Segundo o levantamento, 52% desaprovam o governo, enquanto 43% aprovam. Outros 5% não souberam ou não responderam. A distância entre desaprovação e aprovação vem crescendo desde o início do ano.
Para o diretor da Quaest, Felipe Nunes, o principal fator por trás desse movimento é a percepção da alta nos preços nos supermercados.
> “O principal motor dessa piora parece ser o preço dos alimentos nos mercados”, afirmou.
Percepção de alta nos alimentos salta para 72%
De acordo com a pesquisa, 72% dos entrevistados afirmam ter percebido aumento no preço dos alimentos no último mês.
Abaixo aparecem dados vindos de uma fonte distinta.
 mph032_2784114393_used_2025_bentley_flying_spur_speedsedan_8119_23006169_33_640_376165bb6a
Em março, esse percentual era de 58%.
Subiu: 72% (58% em março)
Ficou igual: 18% (24%)
Caiu: 8% (16%)
Não sabem/não responderam: 2% (2%)
Endividamento das famílias cresce
O levantamento também mostra aumento na parcela de brasileiros com dívidas. Hoje, 72% afirmam ter muitas ou poucas dívidas a pagar. Em março do ano passado, esse índice era de 65%.
Quando perguntados sobre a situação financeira:
Muitas dívidas: 29%
Poucas dívidas: 43%
Não têm dívidas: 28%
Economia é vista como pior por metade dos entrevistados
Para 50% dos entrevistados, a economia brasileira piorou nos últimos 12 meses. Apenas 21% avaliam que houve melhora.
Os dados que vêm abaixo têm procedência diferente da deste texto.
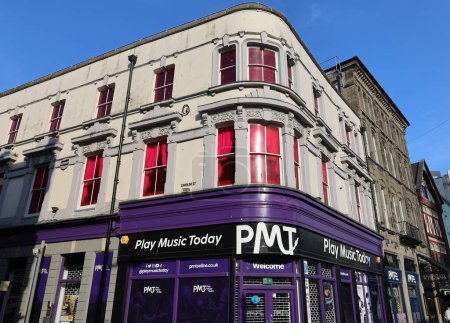 Foto de CARDIFF WALES REINO UNIDO 06 17 23: Reproducir música hoy, PMT Cardiff es diferente a cualquier otra tienda de música. La tienda es un verdadero 'House of Rock', lleno de las últimas guitarras, bajo guitarras, amplificadores, ect. - Imagen libre de derechos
Mesmo com a recente redução da taxa Selic promovida pelo Banco Central do Brasil, que passou de 15% para 14,75% ao ano, e com indicadores positivos no mercado de trabalho divulgados pelo IBGE, a percepção econômica segue negativa.
Em março, o IPCA registrou alta de 0,88%, mantendo a pressão inflacionária.
Impacto limitado de medidas como IR e Desenrola
A pesquisa também avaliou o impacto de medidas econômicas recentes.
Sobre a isenção do Imposto de Renda para quem ganha até R$ 5 mil, 31% disseram ter sido beneficiados, enquanto 66% afirmaram não ter sentido efeito prático.
Já o programa Desenrola Brasil é aprovado por 46%, mas 45% afirmam não conhecer a iniciativa.
Empate técnico com Flávio Bolsonaro no 2º turno
No cenário eleitoral, a pesquisa simulou um segundo turno entre Lula e o senador Flávio Bolsonaro.
Flávio Bolsonaro: 42%
Lula: 40%
O resultado indica empate técnico dentro da margem de erro.
A pesquisa também mediu a percepção de medo do eleitor:
43% dizem temer mais a volta da família Bolsonaro ao poder
42% temem a continuidade do governo Lula
Outros nomes ainda são pouco conhecidos
Segundo Felipe Nunes, outros possíveis nomes para a disputa presidencial, como Ronaldo Caiado e Romeu Zema, ainda apresentam alto grau de desconhecimento entre os eleitores, embora tenham reduzido rejeição no último mês.
Metodologia: A pesquisa foi encomendada pela Genial Investimentos, ouviu 2.004 pessoas com 16 anos ou mais entre 9 e 13 de abril. A margem de erro é de dois pontos percentuais e o nível de confiança é de 95%. O registro no TSE é BR-09285/2026.